◆ YOUR GOAL
What you return must match the listing word for word.

◆ SUPPLIED DATA
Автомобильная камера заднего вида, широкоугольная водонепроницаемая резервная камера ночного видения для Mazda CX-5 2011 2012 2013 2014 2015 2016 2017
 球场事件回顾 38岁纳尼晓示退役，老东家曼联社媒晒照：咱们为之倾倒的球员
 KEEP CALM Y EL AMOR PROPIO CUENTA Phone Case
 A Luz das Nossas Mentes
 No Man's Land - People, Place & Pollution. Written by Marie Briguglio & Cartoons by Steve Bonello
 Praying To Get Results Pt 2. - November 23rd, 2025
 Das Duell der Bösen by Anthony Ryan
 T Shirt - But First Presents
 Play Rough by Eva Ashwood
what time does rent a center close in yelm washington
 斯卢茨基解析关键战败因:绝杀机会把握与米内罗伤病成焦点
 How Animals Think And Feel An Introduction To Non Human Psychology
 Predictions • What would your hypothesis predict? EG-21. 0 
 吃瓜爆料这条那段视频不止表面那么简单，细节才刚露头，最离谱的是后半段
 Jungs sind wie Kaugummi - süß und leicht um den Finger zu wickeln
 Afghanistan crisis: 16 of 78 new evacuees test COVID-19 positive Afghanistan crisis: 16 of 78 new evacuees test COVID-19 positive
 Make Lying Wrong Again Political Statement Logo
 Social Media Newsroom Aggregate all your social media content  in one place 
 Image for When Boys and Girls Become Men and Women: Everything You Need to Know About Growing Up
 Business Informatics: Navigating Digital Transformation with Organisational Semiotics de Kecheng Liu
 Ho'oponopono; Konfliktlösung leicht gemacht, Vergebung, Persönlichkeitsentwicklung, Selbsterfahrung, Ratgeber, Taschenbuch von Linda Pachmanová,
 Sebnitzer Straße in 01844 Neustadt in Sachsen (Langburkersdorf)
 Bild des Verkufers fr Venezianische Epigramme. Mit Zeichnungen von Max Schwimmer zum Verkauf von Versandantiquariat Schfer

◆ SOLVED PROBLEM
Автомобильная камера заднего вида, широкоугольная водонепроницаемая резервная камера ночного видения для Mazda CX-5 2011 2012 2013 2014 2015 2016 2017
 球场事件回顾 38岁纳尼晓示退役，老东家曼联社媒晒照：咱们为之倾倒的球员
 KEEP CALM Y EL AMOR PROPIO CUENTA Phone Case
 A Luz das Nossas Mentes
 No Man's Land - People, Place & Pollution. Written by Marie Briguglio & Cartoons by Steve Bonello
 Praying To Get Results Pt 2. - November 23rd, 2025
 Das Duell der Bösen by Anthony Ryan
 T Shirt - But First Presents
 Play Rough by Eva Ashwood
what time does rent a center close in yelm washington
 斯卢茨基解析关键战败因:绝杀机会把握与米内罗伤病成焦点
 How Animals Think And Feel An Introduction To Non Human Psychology
 Predictions • What would your hypothesis predict? EG-21. 0 
 吃瓜爆料这条那段视频不止表面那么简单，细节才刚露头，最离谱的是后半段
 Jungs sind wie Kaugummi - süß und leicht um den Finger zu wickeln
 Afghanistan crisis: 16 of 78 new evacuees test COVID-19 positive Afghanistan crisis: 16 of 78 new evacuees test COVID-19 positive
 Make Lying Wrong Again Political Statement Logo
 Social Media Newsroom Aggregate all your social media content  in one place 
 Image for When Boys and Girls Become Men and Women: Everything You Need to Know About Growing Up
 Business Informatics: Navigating Digital Transformation with Organisational Semiotics de Kecheng Liu
 Ho'oponopono; Konfliktlösung leicht gemacht, Vergebung, Persönlichkeitsentwicklung, Selbsterfahrung, Ratgeber, Taschenbuch von Linda Pachmanová,
 Sebnitzer Straße in 01844 Neustadt in Sachsen (Langburkersdorf)
 Bild des Verkufers fr Venezianische Epigramme. Mit Zeichnungen von Max Schwimmer zum Verkauf von Versandantiquariat Schfer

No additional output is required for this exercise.